Here's how you can unroll the loop for finding the sum of an array (for example, an integer):

int a[N]; intsum;

for (int i=0;i

Of course, loops can be unrolled manually (as shown above), but this is unproductive work. It's much better to use C++ templates in combination with inline functions.

template

class ArraySumm

Device__ static T exec(const T* arr) ( return arr + ArraySumm (arr+1); )

template

class ArraySumm<0,T>

Device__ static T exec(const T* arr) ( return 0; )

for (int i=0;i

summ+= ArraySumm<4,int>::exec(a);

One interesting feature of the nvcc compiler should be noted. The compiler will always inline functions like __device__ by default (there is a special __noinline__ directive to override this).

Therefore, you can be sure that an example like the one above will unfold into a simple sequence of statements, and will be in no way inferior in efficiency to hand-written code. However, in the general case (not nvcc), you can't be sure of this, since inline is just a hint to the compiler that it can ignore. Therefore, it is not guaranteed that your functions will be inlined.
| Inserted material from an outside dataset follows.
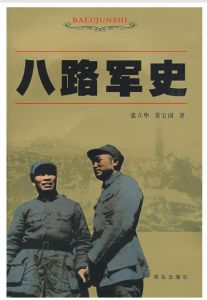 八路軍史 八路軍史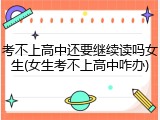 考不上高中还要继续读吗女生(女生考不上高中咋办)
4.7. Data alignment and 16-byte sampling

Align data structures on a 16-byte boundary. In this case, the compiler will be able to use special instructions for them that load data at once in 16 bytes.
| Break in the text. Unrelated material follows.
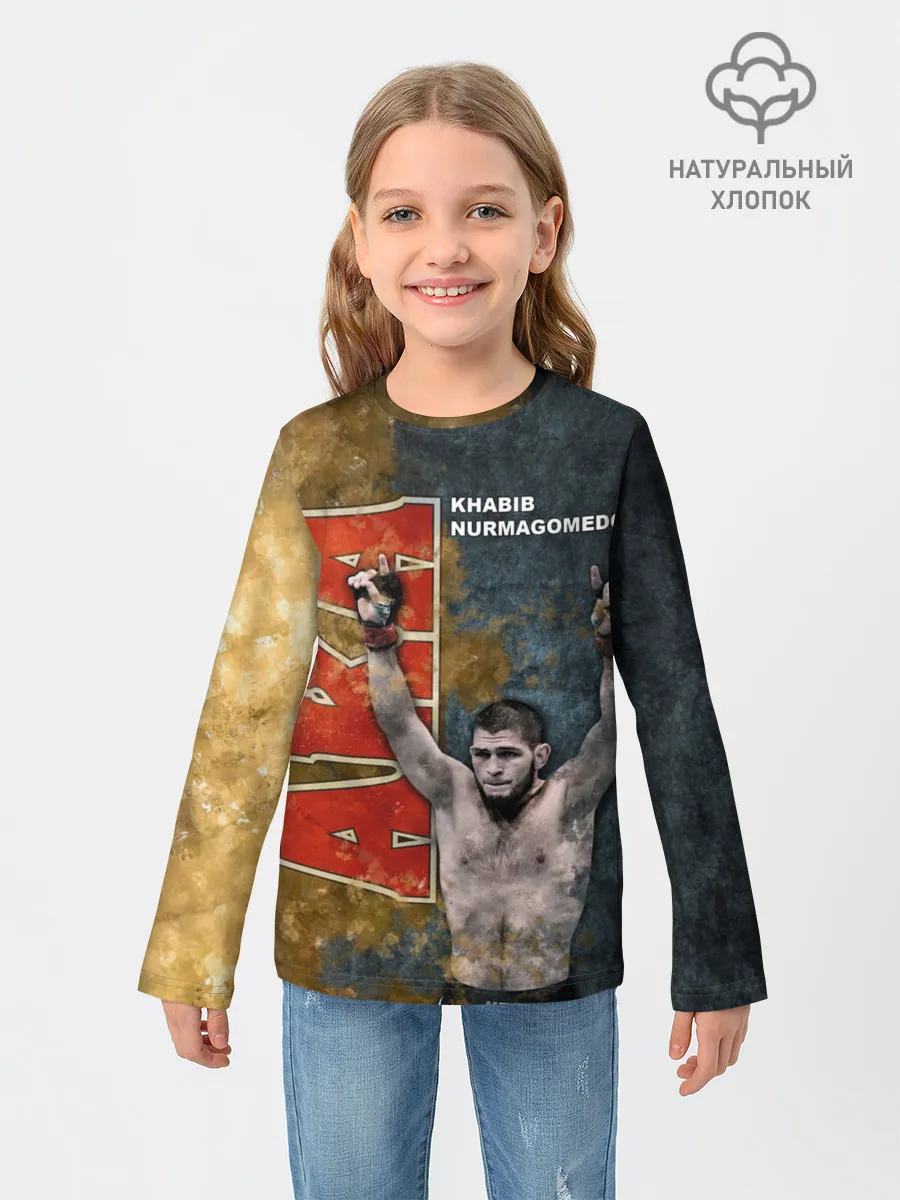 Детский лонгслив / Хабиб Нурмагомедов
If the structure is 8 bytes or less, you can align it to 8 bytes. But in this case, you can select two variables at once by combining two 8-byte variables into a structure using union or pointer casting. Casting should be used with care, as the compiler may place data in local memory rather than registers.

4.8. Shared memory bank conflicts

The shared memory is organized in the form of 16 (only!) memory banks with a step of 4 bytes. During the execution of the warp thread pool on a multiprocessor, it is divided into two halves (if warp-size = 32) of 16 threads that access shared memory in turn.

Tasks in different halves of a warp do not conflict over shared memory. Due to the fact that the tasks of one half of the warp pool will access the same memory banks, collisions will occur and, as a result, performance will drop. Tasks within the same warp half can access different areas of shared memory with a certain step.

The optimal steps are 4, 12, 28, ..., 2^n-4 bytes (Fig. 8).

Rice. 8. Optimal steps.

Not optimal steps are 1, 8, 16, 32, ..., 2^n bytes (Fig. 9).

Rice. 9. Sub-optimal steps

4.9. Minimizing Host Data Movements<=>device

Try to transfer intermediate results to host as little as possible for processing by the CPU. Implement, if not the entire algorithm, then at least its main part on the GPU, leaving the CPU with only control tasks.

5. CPU/GPU portable math library

The author of this article wrote a portable library MGML_MATH for working with simple spatial objects, the code of which is operable both on the device and on the host.

The MGML_MATH library can be used as a framework for writing portable (or hybrid) CPU/GPU systems for computing physical, graphical, or other spatial problems. Its main advantage is that the same code can be used both on the CPU and on the GPU, and at the same time, speed is put at the head of the requirements for the library.